Israel remained an alien and “unfathomable entity in Arab eyes.” And so “the ground was now left clear for radical ideologies of every description,” none of which “is capable of evolving a view of the world centered on a conception of human rights or the inviolability of the human person as the central principle of a modern vision of Arabness.”
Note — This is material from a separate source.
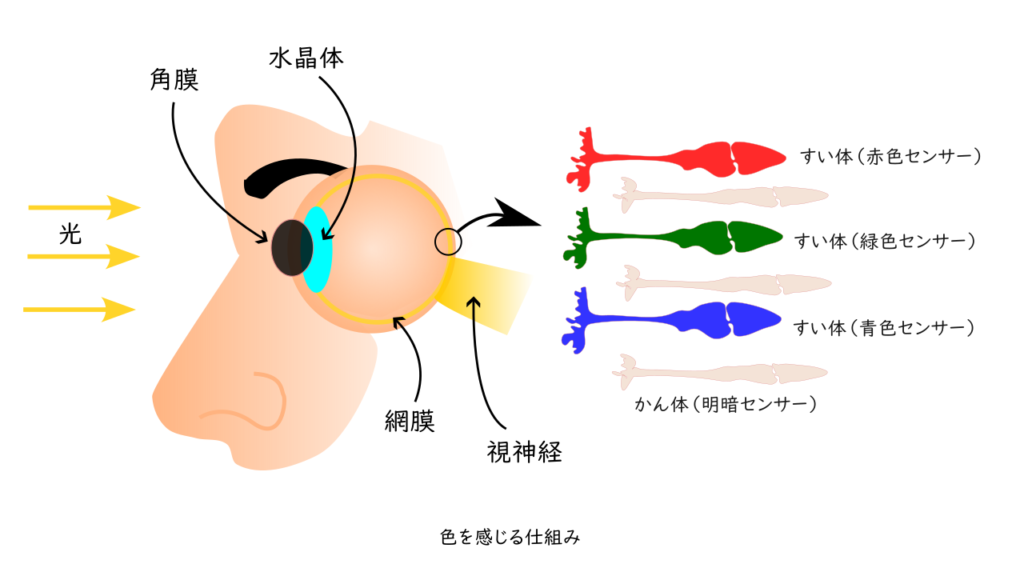 人間が色を感じる仕組み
At this point, I have to utter a little protest, or at least corrective for the benefit of those tempted to react like A. M. Rosenthal. There were Arab intellectuals in the 1970s who made a real effort, not only to fathom that “unfathomable entity” but actually to establish human contact with the human beings of whom it is formed. Makiya himself was one, but he was not alone. I think especially of my friend Said Hammami, who represented the PLO in London between 1972 and 1978, and who pioneered the “two-state solution” based on mutual recognition and peaceful coexistence between Israel and a Palestinian state, which much later (in 1988) became official and explicit PLO policy. I still believe that development could have happened much sooner if the US had been willing to take it seriously and to press it on Israel as an essential ingredient of a general Arab-Israeli peace.
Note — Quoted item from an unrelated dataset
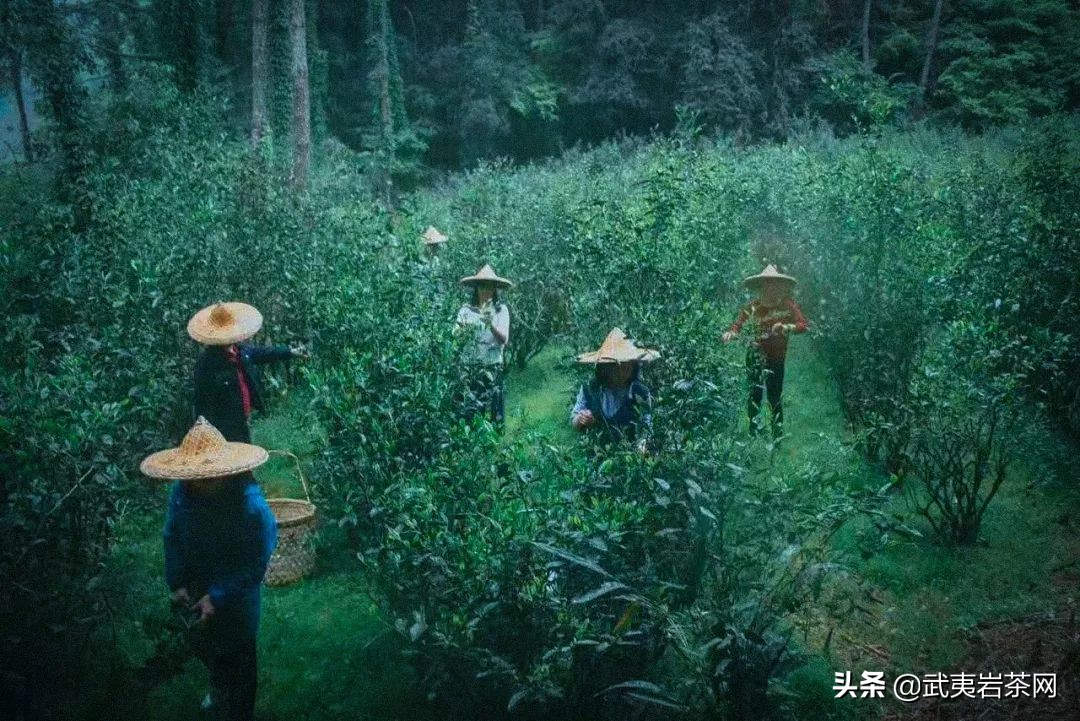 学茶笔记----水仙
Said Hammami was killed by Arabs—almost certainly by the Abu Nidal group, then under the aegis of the Iraqi Baath regime—not by Israelis. Makiya is certainly right to break with the tradition of attributing whatever is wrong with the Arab world to the nefarious influence of Zionism and/or imperialism. If one has to apportion blame for the fact that it took so long to bring about negotiations between Israelis and Palestinians, and that those negotiations are now threatened by an escalating spiral of fear, resentment, and mistrust, no doubt the Arab attitudes and discourse which Makiya describes must take a very large share. He is right, writing as an Arab and addressing himself especially to an Arab audience, to lay the emphasis on the failings of the Arab side. But, in the same spirit, we in the West have a special duty to address our own responsibility, to see where we have failed. All too often, Western attitudes to the Arab world have not been calculated to encourage such people as Hammami and Makiya. Western governments, and all too many Western commentators, have shown no greater willingness to think about Arabs as individual people than have the intellectuals Makiya complains about.
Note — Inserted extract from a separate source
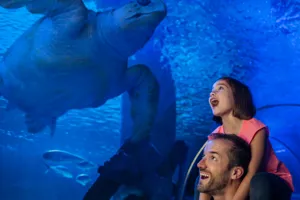 Membership | SEA LIFE Aquarium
Makiya is brave and lucid enough to write what he believes is important, without being inhibited by the use that the A. M. Rosenthals of this world will make of it. But no one should imagine that he is actually endorsing Rosenthal’s views. Indeed, Rosenthal himself has the decency to refer to him as “pro-Palestinian,” and Makiya says that “nothing I say in this book should be construed as a critique of Arabs whose dignity and very identity as human beings is being assaulted daily by Israeli policies on the West Bank.” To support this statement he describes some scenes he himself witnessed on a visit to Jerusalem and the West Bank in October 1990, including one “when two Israeli policemen astride jittery horses searched a terrified Arab boy, who cannot have been more than eight or nine years old, by making him turn out his school satchel upside down and spill all the contents on to the grass verge.” In “that little boy’s position,” says Makiya, “as I scoured the dirt for my eraser, pencil sharpener, and scattered papers after the soldiers had gone, I too would look upon Saddam Husain as a saviour.”